Schliesslich wollen es die in diesen Verbänden (beiden, und Bund wie Land) organisierten Angler mehrheitlich ja auch nicht anders.

Sonst würden sie ja bessere Leute wählen und diese aktuell wieder klar ersichtliche Unfähigkeit der Funktionäre und Verbände über ihre Beiträge nicht auch noch (begeistert?) bezahlen..


----------



## Honeyball (2. März 2012)

*AW: Offener Brief VDSF, ein Kommentar eines Ex-VDSF-Vizepräsidenten: Sittliche Unreif*

8 Tage bleiben noch.

8 Tage, in denen wenigstens einer der Akteure zeigen kann, dass er den nötigen Allerwertesten in der Hose hat.
Die gesamte faktische Basis ist zum größten Teil in den Artikeln der letzten zwei Jahre hier im AB und im Magazin zu finden, von den ursprünglich recht konstruktiven Ergebnissen der 12er-Kommission bis hin zu den Eckpunkten und Leitlinien, die ein Verband für Angler sich auf die Fahnen schreiben sollte.

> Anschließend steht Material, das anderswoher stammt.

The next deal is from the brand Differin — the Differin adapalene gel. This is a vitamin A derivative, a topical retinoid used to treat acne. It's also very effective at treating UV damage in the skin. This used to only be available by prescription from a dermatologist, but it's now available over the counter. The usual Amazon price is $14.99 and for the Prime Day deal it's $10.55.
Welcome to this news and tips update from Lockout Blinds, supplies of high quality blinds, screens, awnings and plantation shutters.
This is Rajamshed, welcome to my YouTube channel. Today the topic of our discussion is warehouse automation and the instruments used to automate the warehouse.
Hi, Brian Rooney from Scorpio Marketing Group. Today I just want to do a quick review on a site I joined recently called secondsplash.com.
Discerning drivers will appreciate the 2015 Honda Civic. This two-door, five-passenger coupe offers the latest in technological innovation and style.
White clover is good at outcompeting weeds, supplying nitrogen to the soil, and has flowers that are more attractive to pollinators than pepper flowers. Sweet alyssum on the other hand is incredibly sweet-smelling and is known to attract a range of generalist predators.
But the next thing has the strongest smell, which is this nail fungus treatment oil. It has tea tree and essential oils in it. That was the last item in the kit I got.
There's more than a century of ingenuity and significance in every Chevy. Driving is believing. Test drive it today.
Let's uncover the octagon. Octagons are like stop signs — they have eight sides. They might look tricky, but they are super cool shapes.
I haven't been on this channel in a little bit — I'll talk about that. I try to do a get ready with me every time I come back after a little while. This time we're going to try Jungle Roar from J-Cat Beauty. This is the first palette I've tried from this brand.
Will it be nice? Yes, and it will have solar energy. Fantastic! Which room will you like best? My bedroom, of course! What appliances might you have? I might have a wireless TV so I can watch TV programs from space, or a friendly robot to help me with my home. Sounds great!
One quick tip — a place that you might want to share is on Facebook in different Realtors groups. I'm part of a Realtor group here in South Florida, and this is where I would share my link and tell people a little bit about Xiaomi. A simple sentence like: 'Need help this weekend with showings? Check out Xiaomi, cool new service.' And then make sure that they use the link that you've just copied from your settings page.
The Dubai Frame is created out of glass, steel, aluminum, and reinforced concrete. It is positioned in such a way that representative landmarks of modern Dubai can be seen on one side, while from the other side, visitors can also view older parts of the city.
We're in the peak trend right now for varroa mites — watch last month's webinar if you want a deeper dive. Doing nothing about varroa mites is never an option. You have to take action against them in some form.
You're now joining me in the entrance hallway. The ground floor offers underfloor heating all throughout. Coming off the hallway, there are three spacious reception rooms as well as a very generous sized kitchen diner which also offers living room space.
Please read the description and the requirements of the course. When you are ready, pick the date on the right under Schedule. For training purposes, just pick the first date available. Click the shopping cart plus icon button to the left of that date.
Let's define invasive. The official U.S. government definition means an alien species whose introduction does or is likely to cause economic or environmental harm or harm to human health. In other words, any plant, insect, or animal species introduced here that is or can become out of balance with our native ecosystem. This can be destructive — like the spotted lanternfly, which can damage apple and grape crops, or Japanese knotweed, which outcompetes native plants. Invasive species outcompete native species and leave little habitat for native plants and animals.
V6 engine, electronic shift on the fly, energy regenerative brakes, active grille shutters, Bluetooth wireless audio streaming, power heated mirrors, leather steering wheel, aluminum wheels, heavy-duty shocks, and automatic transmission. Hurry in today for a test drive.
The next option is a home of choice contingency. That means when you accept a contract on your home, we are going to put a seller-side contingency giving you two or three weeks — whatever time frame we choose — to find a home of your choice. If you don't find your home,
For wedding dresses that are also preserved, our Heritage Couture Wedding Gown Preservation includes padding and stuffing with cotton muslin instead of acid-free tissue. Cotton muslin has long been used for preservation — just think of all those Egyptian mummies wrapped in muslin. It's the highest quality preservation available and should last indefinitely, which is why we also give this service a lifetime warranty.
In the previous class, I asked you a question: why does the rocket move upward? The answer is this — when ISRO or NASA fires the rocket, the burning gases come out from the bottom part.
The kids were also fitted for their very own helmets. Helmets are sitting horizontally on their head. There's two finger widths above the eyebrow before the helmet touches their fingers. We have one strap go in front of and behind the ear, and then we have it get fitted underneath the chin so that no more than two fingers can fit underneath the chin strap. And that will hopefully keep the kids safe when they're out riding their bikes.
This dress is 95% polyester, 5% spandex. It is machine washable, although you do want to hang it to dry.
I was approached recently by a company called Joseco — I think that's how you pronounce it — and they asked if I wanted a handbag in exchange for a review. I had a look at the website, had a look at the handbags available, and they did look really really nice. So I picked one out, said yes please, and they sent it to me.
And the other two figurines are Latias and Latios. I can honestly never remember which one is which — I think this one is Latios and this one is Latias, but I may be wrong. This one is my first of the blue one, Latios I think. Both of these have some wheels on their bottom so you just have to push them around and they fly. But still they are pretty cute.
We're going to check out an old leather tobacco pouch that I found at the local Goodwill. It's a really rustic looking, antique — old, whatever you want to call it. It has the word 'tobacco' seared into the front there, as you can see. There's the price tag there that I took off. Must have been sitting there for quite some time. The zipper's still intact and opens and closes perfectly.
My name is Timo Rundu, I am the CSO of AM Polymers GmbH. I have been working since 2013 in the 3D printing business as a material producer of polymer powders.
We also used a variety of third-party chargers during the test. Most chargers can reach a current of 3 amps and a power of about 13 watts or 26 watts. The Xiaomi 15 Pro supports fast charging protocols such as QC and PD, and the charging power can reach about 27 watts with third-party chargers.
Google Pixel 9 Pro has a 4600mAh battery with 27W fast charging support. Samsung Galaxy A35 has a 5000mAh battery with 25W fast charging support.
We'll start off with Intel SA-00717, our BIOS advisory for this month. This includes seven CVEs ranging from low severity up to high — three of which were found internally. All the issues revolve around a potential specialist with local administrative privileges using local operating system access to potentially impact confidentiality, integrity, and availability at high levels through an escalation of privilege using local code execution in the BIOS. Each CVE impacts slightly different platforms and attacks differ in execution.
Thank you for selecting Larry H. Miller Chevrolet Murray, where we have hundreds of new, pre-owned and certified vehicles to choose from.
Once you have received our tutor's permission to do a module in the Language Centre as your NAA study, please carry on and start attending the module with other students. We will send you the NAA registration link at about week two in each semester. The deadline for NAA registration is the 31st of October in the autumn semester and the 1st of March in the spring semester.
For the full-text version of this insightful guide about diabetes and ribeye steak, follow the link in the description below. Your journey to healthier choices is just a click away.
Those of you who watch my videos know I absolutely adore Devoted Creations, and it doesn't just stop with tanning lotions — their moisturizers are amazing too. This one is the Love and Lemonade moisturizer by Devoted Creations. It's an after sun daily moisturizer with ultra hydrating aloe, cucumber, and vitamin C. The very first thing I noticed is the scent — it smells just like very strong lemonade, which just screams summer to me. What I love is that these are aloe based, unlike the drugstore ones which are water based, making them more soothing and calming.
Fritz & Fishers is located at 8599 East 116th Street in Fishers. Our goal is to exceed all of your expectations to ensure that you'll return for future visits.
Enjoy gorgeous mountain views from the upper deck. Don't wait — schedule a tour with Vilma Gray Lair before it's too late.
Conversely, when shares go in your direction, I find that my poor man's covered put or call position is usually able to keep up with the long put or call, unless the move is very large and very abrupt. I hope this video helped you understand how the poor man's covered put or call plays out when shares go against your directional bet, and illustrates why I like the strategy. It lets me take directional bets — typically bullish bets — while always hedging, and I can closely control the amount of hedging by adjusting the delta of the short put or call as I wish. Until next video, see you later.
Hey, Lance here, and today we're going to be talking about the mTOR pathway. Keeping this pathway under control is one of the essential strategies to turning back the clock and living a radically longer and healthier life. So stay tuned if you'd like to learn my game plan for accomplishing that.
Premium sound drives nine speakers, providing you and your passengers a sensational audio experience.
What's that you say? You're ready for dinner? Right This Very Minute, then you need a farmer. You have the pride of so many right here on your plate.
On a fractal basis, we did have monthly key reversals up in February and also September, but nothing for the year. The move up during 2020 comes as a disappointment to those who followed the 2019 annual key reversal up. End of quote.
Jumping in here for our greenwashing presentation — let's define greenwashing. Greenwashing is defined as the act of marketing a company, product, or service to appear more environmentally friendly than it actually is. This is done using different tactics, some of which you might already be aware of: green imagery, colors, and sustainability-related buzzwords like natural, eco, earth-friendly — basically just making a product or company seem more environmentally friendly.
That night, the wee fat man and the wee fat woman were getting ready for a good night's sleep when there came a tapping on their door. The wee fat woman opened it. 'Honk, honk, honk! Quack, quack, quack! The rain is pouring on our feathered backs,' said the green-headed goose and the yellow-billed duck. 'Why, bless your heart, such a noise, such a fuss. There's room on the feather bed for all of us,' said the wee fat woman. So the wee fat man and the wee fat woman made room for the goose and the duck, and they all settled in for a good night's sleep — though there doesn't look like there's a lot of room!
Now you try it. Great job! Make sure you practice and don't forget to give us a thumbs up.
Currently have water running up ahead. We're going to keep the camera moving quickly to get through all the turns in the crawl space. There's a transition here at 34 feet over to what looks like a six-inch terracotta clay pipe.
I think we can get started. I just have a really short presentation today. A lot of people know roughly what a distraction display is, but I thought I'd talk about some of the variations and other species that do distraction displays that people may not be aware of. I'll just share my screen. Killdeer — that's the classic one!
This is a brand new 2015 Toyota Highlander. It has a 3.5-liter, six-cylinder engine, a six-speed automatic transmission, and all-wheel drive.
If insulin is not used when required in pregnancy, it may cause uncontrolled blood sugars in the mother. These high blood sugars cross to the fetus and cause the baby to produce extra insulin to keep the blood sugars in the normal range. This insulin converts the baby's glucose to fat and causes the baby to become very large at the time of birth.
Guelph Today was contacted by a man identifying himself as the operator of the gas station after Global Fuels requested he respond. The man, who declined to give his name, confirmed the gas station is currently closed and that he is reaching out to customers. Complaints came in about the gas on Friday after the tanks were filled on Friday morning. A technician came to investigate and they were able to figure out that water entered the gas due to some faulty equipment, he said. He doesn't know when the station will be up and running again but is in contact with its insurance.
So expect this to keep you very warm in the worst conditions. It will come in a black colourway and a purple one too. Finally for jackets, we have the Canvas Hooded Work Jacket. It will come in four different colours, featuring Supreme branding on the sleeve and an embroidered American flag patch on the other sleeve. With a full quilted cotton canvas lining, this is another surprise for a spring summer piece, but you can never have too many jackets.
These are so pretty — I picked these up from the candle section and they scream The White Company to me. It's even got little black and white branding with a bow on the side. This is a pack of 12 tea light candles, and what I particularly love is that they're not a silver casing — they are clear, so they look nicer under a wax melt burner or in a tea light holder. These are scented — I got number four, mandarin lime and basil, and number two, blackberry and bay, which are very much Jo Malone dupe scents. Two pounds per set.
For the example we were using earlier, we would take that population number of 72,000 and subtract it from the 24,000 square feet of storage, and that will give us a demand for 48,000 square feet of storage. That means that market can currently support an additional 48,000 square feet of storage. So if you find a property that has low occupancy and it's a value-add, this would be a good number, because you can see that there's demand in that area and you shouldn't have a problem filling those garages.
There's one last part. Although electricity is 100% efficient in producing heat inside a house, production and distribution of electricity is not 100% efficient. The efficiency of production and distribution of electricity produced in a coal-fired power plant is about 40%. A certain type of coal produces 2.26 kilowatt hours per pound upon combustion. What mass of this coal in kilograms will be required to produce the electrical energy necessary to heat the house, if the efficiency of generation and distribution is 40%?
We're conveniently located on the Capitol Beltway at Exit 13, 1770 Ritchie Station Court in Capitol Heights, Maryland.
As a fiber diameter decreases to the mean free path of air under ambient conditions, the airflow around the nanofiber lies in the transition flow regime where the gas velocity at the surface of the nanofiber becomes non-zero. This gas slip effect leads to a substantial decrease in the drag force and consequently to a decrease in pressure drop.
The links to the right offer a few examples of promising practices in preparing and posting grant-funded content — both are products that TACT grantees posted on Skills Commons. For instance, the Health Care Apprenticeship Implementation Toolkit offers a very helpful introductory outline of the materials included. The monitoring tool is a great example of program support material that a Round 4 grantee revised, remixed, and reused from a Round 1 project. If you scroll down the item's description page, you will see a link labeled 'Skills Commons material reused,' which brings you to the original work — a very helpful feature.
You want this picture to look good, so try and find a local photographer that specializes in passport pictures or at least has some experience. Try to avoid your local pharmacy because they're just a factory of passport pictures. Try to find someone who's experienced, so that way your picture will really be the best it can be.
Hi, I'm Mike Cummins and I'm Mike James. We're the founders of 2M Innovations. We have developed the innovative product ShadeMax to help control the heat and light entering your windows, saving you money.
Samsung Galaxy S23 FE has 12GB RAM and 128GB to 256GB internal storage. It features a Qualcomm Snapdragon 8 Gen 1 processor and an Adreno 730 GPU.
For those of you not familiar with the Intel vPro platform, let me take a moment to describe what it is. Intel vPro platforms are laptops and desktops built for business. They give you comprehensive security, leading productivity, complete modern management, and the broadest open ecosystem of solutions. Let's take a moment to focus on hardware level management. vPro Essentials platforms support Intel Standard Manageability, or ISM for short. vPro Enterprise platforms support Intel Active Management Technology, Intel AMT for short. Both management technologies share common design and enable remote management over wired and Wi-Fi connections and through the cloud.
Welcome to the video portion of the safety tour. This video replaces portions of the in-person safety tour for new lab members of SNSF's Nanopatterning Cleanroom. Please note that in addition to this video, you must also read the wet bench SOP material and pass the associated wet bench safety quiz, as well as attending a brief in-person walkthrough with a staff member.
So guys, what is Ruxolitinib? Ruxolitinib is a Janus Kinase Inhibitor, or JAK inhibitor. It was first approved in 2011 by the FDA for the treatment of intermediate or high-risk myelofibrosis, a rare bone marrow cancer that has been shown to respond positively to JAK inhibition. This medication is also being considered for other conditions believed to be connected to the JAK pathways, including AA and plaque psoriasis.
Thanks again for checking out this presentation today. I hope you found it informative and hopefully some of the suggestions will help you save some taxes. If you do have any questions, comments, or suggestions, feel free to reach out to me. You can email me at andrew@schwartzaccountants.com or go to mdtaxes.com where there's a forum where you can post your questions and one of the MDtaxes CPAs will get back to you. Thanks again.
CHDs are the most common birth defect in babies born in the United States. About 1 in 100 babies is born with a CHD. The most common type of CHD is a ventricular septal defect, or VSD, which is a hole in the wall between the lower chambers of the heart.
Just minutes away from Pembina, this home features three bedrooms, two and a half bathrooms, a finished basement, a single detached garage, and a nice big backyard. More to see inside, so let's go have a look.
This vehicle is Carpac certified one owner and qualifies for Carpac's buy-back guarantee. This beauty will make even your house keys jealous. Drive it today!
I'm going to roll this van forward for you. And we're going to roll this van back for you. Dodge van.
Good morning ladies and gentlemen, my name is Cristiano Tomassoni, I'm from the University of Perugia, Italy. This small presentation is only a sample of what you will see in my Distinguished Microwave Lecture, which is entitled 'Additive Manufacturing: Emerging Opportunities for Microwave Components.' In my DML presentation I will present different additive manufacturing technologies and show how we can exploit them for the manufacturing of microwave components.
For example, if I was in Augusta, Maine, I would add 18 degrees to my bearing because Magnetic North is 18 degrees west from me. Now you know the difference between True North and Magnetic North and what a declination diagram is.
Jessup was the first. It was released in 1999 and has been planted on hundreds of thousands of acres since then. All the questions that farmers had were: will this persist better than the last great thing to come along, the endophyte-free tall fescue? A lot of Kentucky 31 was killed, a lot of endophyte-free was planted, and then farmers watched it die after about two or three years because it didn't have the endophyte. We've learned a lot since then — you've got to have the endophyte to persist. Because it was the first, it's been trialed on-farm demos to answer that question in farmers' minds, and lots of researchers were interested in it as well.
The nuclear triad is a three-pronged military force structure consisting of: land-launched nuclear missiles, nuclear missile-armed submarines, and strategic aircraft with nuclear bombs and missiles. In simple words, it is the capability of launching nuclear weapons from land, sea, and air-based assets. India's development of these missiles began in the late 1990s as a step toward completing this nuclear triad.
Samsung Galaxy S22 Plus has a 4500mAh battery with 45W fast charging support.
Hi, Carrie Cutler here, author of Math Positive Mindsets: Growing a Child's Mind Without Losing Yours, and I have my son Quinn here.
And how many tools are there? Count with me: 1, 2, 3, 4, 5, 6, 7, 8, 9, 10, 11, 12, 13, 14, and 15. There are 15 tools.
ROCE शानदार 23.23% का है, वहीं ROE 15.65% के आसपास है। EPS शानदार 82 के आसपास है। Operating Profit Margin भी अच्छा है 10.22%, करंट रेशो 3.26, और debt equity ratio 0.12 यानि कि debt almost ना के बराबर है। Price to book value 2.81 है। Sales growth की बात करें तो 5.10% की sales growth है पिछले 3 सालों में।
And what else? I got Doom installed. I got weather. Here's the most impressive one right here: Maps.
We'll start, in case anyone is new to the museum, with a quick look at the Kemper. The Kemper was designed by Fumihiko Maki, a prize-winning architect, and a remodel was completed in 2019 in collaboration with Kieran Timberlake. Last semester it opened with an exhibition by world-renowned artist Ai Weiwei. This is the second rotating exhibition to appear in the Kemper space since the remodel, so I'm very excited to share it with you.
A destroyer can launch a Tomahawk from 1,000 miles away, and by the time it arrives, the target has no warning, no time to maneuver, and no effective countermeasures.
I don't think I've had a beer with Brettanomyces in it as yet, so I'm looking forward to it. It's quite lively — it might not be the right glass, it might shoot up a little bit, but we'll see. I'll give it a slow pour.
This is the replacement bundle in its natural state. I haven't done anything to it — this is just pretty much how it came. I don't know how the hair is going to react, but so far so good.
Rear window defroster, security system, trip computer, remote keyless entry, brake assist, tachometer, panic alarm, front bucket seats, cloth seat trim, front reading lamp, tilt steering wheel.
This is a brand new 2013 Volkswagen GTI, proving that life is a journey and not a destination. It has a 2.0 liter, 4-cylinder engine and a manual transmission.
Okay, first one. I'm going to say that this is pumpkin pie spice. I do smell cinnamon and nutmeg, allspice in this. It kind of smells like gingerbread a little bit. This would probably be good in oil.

Sehr geehrter Herr Markstein, Sie haben es in der Hand! An Ihnen liegt das Schicksal des Angelns, der angelnden und der am Angeln interessierten Bevölkerung Deutschlands.
Ich appelliere hier öffentlich an Sie:
Antworten Sie auf den neuerlichen Affront des inakzeptablen Angelfischereidiktators auf VdSF-Seite offensiv mit der Öffnung des bestehenden Deutschen Anglerverbandes für *alle* Angler in Deutschland auf Basis von klar gesetzten Leitlinien und einer allgemein anerkennenswerten anglerfreundlichen Satzung und bieten Sie allen denen eine Heimat, für die das Angeln eine Freizeitbeschäftigung ist mit dem Ziel, Spaß und Freude an und in der Natur erleben zu können, diese zu erhalten und nachhaltig zu verbessern als Errungenschaft von Wert für alle Menschen.
Ihnen bleiben 8 Tage Zeit, diesen entscheidenden ersten Schritt vorzubereiten und am 10.03.2012 zu beschreiten.


----------



## Debilofant (3. März 2012)

*AW: Offener Brief VDSF, ein Kommentar eines Ex-VDSF-Vizepräsidenten: Sittliche Unreif*

Schöne Steilvorlage für eine Analyse, dieses geradezu um ein bisschen Haue bettelnde VDSF-Machwerk.

So rein handwerklich, also sprachlich rhetorisch, schon mal ziemlich gruselig. Reichlich sinnlos daherkommende Verabsolutierungen, teilweise eben gar verpackt in dumpf aufgeblasenes bzw. intellektuell für sich selbst Zeugnis erbringendes Vokabular ("absolut nichts", "keinster"), lauern an nahezu jeder Ecke. 

Aber auch in allen anderen Belangen bemerkenswert armselig. Nassforsche Unterstellungen bar jeden Diplomatieverdachts, arg infantil anmutende Vorhaltungen und mit dem Holzhammer verabreichte Schuldzuweisungen, etc.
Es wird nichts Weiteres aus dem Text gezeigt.